The Coaching Social Butterfly
Have you ever seen someone you vaguely know but have 150 mutual friends with on Facebook? That, my friend, is a coaching social butterfly. Bushra will be at a coaching no matter what, even missing out on school to be there. Bushra seems like she has it all: a diverse circle of people from many schools and around 2,000 followers. But no matter how hard she tries, she just can't get a grasp of A-level Accounting. Luckily, she makes up for her academic woes through her lively social life. After all, why study when she can spend her entire life getting bankrolled to go to coaching classes. That's where it's all happening.

The Chronic MUN'er
Fardin is like the coaching social butterfly but has an intense ECA addiction. What Bushra accomplishes by wasting time at coaching, Fardin accomplishes by paying to attend MUNs. He will follow MUNs anywhere and everywhere, even going to India and Thailand to participate. Expect him to have at least 500 photos at ICCB in formalwear, each set of suit and tie new, but only slightly worse than the last. No one knows where Fardin's MUN addiction stems from, but it's most likely a last-ditch effort to bypass the NSU route to Canada. 

The One Born Abroad
Nabil used to live in New York City and was, without warning, bought to Dhaka at eight years of age and had to figure out a whole new way of life. Everyone judges his fixation on the US and how he never shuts up about it. But no one understands how it feels to be the odd one, being ridiculed for having different interests, and an accent that's real instead of being fake. Sticking out like a sore thumb because he called football soccer that one time, he can never really live down the fact that he came back from the place everyone wants to go, yet he's not sure if he wants to. But how can someone with a blue passport have any real problems? 

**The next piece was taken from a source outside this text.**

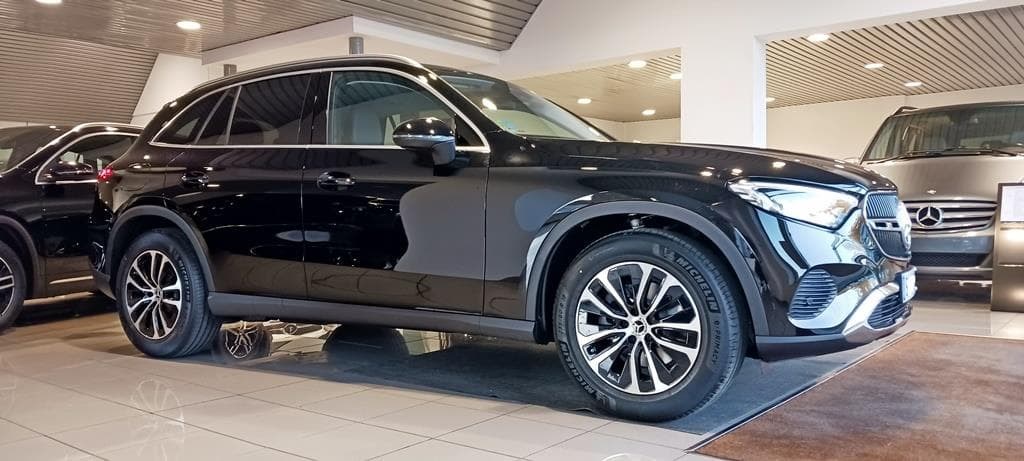 Foto 4 Mercedes GLC 220 d 4M SUV AVANTGARDE Advanced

The NSU'er Who Plans to Transfer Credit to Canada
Firstly, this friend is probably studying BBA in management, marketing, or Human Resource Management. Iftekhar will boldly preach his multi-pronged plan to settle in Canada every time you see him. He aims to start with a simple credit transfer and somehow end with a real estate empire in Toronto. But, let's not mention his abysmal transcript and IELTS score. In true NSU'er fashion, Iftekhar will praise Canada and brand the US a "third-world country in a Gucci belt," while wearing his iPhone and a fake Gucci belt.